Recorded data:

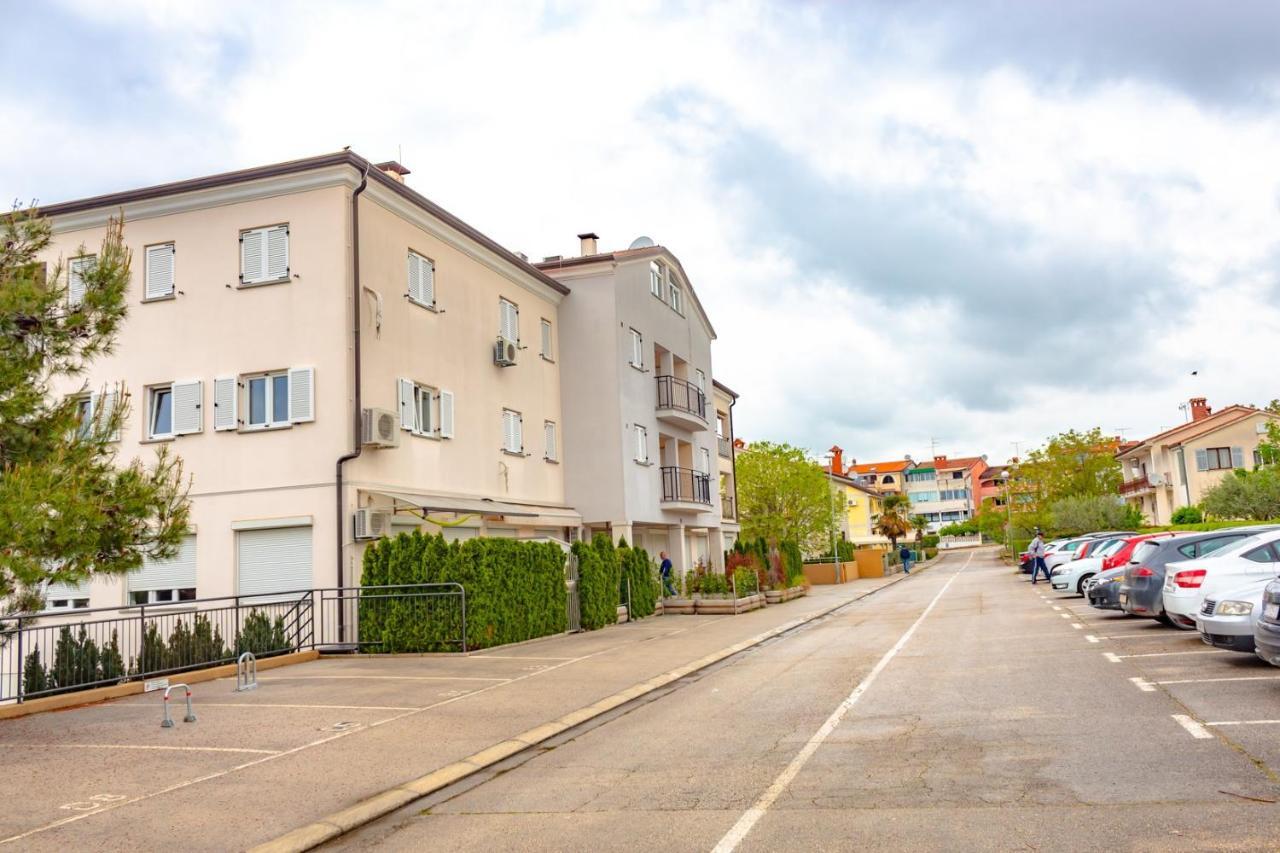Apartment Botic Пореч Экстерьер фото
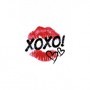 Termo con XOXO y beso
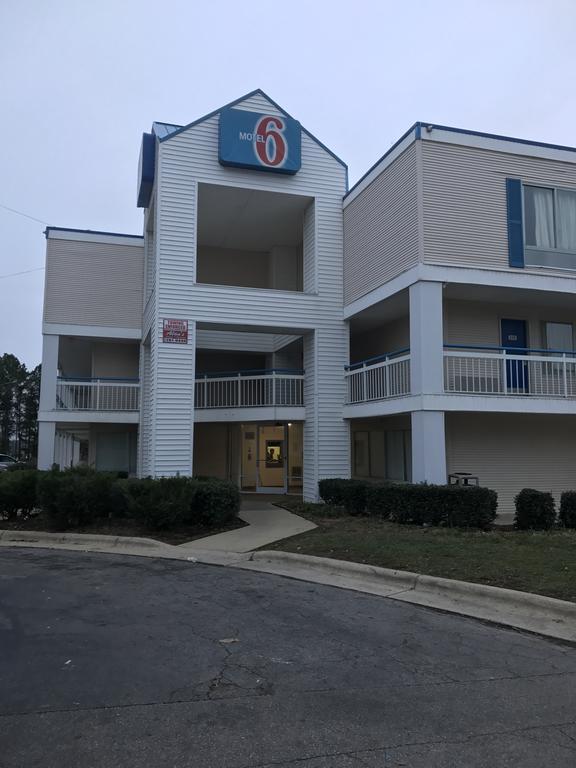 Motel 6-Raleigh, Nc - North Exteriör bild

Exercise goal: Pictures stay out; everything else in the listing above gets restated word for word.

Solution for this task:
Apartment Botic Пореч Экстерьер фото
 Termo con XOXO y beso
 Motel 6-Raleigh, Nc - North Exteriör bild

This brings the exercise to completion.